Cette liste n’est pas exhaustive. Je pourrais y ajouter encore d’autres risques et « cygnes noirs » probables ou possibles, mais imprévisibles quant à leur date d'occurrence. Des menaces d’autant plus grandes qu’elles sont intercorrélées. Heureusement, les cygnes noirs sont beaucoup moins nombreux que les blancs. D’autres « signes » (l’homonymie est intéressante…) permettent aussi d’espérer : par exemple, nous avons la chance d’exister (la probabilité était au départ extrêmement faible) et de vivre en France (malgré tout), etc. Il reste que nos démocraties sont aujourd’hui mentalement démunies et matériellement affaiblies. Sauront-elles faire preuve du réalisme, de la responsabilité, de l'autorité, du courage, de l'unité et de la créativité nécessaires pour sortir de l’impasse dans laquelle elles se trouvent ? Pas sûr.

Mais qui peut vraiment prédire ce qui se passera au cours de cette année ? À défaut de pouvoir le faire de façon scientifique, on peut avoir des convictions argumentées, des intuitions spontanées… ou faire des paris. Mais l’exercice est particulièrement difficile à un moment où le futur peut bifurquer dans de nombreuses directions, et démentir les meilleurs experts. Certains d’entre eux vont d’ailleurs obligatoirement se tromper puisqu’ils ne sont pas tous d’accord (à moins qu’ils se trompent tous !). D’autres se vanteront d’avoir eu raison, alors qu’ils auront eu surtout de la chance. Reconnaissons en tout cas que les planètes ne sont pas alignées et que la nôtre ne se porte pas au mieux…

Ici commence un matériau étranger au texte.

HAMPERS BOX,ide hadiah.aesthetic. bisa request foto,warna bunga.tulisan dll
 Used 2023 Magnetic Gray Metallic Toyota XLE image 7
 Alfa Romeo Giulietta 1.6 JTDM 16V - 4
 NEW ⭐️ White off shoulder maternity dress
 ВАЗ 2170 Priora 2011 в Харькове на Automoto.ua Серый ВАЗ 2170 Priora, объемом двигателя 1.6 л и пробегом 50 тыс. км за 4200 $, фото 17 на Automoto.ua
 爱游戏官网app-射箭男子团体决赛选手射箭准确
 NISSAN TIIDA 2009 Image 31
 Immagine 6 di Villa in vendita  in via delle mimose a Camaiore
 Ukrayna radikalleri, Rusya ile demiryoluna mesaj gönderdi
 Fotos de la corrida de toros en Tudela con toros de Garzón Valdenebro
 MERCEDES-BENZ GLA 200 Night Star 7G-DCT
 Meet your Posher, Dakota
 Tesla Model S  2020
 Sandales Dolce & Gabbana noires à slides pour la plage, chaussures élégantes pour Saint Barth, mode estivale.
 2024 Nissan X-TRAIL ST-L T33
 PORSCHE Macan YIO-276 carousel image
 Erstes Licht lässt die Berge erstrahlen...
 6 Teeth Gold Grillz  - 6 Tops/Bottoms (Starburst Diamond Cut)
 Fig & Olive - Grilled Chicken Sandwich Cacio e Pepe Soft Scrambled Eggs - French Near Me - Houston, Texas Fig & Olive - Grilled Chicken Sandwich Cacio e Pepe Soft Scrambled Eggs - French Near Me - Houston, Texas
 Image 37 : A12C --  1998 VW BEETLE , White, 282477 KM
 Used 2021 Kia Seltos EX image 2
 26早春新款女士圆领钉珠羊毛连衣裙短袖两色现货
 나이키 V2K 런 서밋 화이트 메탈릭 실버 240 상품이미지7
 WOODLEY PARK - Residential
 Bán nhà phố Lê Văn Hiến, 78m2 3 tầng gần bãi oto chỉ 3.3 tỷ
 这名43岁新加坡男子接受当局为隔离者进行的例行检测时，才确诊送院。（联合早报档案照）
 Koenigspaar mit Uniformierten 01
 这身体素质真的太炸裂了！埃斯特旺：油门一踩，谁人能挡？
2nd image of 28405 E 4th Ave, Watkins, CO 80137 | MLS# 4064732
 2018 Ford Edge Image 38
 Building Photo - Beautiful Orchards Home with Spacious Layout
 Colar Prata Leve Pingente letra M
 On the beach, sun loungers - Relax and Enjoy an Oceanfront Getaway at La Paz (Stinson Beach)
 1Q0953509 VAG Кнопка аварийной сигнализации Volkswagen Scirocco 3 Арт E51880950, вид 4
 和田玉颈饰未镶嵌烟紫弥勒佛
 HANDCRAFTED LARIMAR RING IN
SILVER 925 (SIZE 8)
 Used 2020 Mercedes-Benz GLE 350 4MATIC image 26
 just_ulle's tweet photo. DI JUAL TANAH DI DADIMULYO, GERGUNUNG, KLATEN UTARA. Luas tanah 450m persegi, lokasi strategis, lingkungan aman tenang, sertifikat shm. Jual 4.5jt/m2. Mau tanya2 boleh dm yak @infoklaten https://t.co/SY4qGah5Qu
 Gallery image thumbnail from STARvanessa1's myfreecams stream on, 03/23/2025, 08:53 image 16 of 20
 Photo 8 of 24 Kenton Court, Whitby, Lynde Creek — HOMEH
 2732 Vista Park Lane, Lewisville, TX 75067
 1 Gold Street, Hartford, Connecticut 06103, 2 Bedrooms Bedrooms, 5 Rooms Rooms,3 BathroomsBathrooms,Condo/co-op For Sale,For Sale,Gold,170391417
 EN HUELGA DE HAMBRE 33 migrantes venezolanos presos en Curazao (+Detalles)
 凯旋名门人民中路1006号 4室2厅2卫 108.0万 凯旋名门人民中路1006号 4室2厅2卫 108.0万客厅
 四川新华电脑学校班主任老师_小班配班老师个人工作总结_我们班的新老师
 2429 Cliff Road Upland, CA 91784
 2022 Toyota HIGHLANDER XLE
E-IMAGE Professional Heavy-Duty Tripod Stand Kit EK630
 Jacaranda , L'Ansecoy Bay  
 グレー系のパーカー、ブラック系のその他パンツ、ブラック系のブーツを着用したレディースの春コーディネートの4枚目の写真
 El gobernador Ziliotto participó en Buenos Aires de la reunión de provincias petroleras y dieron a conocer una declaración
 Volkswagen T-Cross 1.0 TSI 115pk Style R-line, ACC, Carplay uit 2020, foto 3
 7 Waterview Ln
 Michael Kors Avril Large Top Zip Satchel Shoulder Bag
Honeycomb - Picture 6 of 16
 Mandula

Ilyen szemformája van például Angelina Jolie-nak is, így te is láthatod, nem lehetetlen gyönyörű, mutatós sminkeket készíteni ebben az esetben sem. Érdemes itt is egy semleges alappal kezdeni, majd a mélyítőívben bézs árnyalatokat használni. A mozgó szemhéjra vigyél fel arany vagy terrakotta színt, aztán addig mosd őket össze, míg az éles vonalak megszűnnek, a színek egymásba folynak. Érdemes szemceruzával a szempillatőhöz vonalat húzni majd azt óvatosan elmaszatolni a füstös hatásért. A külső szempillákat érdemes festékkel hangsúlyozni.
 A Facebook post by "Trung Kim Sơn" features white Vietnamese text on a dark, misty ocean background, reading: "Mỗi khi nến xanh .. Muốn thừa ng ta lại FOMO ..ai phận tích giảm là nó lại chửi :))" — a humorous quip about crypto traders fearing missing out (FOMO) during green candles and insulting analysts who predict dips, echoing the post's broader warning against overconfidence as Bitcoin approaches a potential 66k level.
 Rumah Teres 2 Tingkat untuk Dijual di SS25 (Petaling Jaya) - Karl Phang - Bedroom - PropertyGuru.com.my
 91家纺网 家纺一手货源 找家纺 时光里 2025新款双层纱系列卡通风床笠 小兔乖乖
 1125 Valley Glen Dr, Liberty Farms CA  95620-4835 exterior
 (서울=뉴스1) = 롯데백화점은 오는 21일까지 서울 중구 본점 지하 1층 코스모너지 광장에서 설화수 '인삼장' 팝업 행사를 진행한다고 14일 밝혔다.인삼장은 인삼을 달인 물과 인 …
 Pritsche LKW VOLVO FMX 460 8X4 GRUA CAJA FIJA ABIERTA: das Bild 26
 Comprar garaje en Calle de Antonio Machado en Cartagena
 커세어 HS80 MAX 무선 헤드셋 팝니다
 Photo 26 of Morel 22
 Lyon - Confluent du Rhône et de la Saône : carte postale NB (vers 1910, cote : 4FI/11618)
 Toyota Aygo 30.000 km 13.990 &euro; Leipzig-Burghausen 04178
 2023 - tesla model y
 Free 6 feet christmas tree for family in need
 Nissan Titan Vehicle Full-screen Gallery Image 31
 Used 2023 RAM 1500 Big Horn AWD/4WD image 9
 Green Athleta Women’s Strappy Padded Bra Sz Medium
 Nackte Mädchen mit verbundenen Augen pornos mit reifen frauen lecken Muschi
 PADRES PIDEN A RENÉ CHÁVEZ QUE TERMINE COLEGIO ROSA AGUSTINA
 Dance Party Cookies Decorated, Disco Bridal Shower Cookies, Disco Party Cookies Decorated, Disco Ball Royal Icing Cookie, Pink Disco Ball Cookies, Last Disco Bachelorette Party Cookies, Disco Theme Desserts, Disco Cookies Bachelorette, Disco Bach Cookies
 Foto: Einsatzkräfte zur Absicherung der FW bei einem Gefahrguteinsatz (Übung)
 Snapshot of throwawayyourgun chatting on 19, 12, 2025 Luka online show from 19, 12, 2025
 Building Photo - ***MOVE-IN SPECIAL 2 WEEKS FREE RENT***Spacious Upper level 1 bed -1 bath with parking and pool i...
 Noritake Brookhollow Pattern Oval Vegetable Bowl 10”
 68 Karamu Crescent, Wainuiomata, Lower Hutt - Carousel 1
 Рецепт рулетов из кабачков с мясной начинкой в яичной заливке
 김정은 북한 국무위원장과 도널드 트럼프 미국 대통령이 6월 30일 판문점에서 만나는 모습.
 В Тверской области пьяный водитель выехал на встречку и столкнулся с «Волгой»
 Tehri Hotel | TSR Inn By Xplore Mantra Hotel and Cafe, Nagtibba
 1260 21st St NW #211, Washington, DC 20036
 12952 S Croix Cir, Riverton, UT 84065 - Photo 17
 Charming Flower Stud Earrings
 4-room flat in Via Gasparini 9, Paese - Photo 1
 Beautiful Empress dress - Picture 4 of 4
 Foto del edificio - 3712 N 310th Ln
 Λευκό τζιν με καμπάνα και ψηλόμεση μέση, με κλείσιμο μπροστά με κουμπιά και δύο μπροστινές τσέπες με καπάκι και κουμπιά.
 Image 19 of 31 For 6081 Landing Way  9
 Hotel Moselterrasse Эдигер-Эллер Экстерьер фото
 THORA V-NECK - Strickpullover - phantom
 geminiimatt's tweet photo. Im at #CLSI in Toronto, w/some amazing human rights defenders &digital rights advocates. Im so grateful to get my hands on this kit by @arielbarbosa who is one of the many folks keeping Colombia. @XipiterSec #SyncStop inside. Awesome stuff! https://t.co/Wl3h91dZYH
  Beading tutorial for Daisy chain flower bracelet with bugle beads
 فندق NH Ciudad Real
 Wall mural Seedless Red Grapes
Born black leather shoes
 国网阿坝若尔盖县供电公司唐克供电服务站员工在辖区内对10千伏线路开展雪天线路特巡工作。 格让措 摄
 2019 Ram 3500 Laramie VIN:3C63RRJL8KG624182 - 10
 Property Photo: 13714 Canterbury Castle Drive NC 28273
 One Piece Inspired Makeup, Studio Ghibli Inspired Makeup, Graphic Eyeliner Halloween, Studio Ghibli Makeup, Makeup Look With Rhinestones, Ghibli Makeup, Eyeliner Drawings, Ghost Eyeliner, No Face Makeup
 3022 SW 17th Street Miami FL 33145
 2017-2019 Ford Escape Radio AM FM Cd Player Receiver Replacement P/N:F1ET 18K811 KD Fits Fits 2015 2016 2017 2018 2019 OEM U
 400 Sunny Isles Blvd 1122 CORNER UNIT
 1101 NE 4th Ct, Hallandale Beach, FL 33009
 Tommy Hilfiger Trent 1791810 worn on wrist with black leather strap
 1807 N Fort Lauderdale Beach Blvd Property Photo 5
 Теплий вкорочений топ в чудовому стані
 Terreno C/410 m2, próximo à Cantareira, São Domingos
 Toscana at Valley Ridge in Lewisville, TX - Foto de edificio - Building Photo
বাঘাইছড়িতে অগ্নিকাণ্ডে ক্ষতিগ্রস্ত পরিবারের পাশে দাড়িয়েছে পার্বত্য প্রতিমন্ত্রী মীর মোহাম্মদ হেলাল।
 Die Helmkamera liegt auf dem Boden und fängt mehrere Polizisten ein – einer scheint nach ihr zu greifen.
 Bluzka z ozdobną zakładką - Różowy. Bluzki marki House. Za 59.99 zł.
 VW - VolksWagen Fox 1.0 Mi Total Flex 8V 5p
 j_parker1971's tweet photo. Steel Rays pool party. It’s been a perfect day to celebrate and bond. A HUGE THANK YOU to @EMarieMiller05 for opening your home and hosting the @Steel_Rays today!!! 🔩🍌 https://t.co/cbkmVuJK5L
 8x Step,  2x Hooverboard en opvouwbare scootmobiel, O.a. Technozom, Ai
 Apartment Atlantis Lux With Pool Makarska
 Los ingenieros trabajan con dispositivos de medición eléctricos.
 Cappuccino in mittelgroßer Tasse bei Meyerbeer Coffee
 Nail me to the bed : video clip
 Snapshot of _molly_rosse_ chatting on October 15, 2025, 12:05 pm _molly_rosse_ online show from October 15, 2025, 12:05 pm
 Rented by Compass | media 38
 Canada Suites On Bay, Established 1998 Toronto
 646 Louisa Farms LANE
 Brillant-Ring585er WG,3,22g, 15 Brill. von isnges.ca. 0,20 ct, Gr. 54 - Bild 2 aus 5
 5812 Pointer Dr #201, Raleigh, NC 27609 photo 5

Aussi, pour bien vivre cette nouvelle année, je suggère de ne pas écouter pas les pessimistes, déclinistes, défaitistes ou « collapsologues », qui annoncent le pire. D’abord parce que l’histoire (y compris récente) nous enseigne qu’il n'est jamais certain. Mais, surtout, parce que ces attitudes engendrent le désespoir, l'immobilisme, le fatalisme. Ou, plus grave encore, l'indifférence. Et donc le déclin.

Pour nous rassurer, nous pouvons adhérer à la prophétie de Victor Hugo : « Nos plus belles années sont celles que nous n'avons pas encore vécues ». Une attitude positive et poétique. Mais probablement fausse car nous idéalisons davantage le passé que le futur. Alors, tournons-nous plutôt vers Gaston Berger, fondateur en France de la prospective, qui rappelait tout simplement que « L’avenir n’est pas à découvrir, il est à inventer ».  C’est en effet à chacun de nous d’agir sur les événements que nous redoutons, afin qu’ils n’adviennent pas. Chacune des menaces qui pèsent sur le monde (et notre pays) est une occasion de le rendre meilleur.